That escalated quickly. :)

If you didn't know, Drupal's written in PHP, and the upcoming Drupal 8 uses
the Symfony framework. I always recommend learning new languages, but there's
no pressing need for you to get out of PHP to move forward!

------
xauronx
If someone smirked at me for knowing PHP, I'd gladly walk away from the
conversation. Knowing a programming language (actually, knowing _anything_ )
is a positive thing. PHP isn't glamorous but it is widely used, popular, and
effective at solving a goal.

That being said, I was a Delphi developer for 5 years out of school. There's a
random little used language for you.
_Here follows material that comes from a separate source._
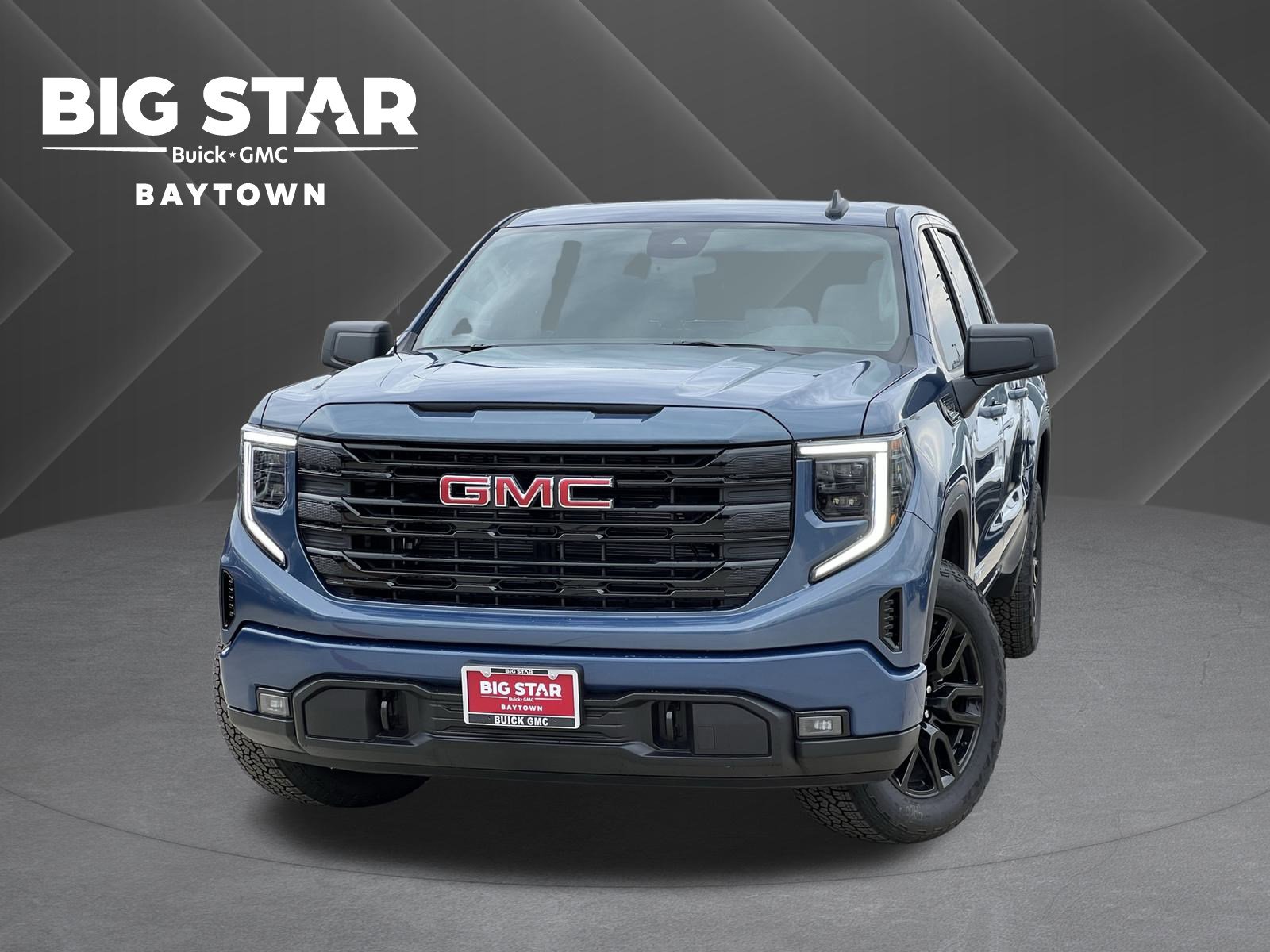 2026 GMC Sierra 1500 Elevation's photo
I spent a year teaching myself iOS,
brushing up on my PHP and javascript. I then tweaked my resume depending on
the job I was applying to, regarding the order I listed the languages. Get
someone on the phone/interview and explain to them how great you are from
there.

Of course, in your mid thirties you might have less freedom to take an entry
level job.

------
julianpye
You do have Java expertise, so Android would be a logical step. Try out
Jetbrain's and Google's new Android Studio to leapfrog over the Eclipse
experience. Alternatively learn AngularJS or a similar JS framework and use
PHP to serve JSON to state-of-the-art single-page type apps. You can run such
PHP scripts on the new Appengine for PHP, so you end up with a highly scalable
solution that is also not bad in performance. I think the best way to progress
is take something that you know and combine it with state-of-the-art practises
or tech. Be glad that you didn't learn some of the technologies that developed
over the past years (Rails for example is starting to get out of fashion since
it is not so useful/overkill for JS apps) and leapfrog to the new ones.

------
gesman
PHP is perfect to develop and sell your own web-related products (extensions,
plugins, themes, integrations).

------
antonio-R
You can start some side projects in other language like Python or Ruby, do
some coding, work on freelance gigs, and earn some experience. That way you
will have something to use in a future interview.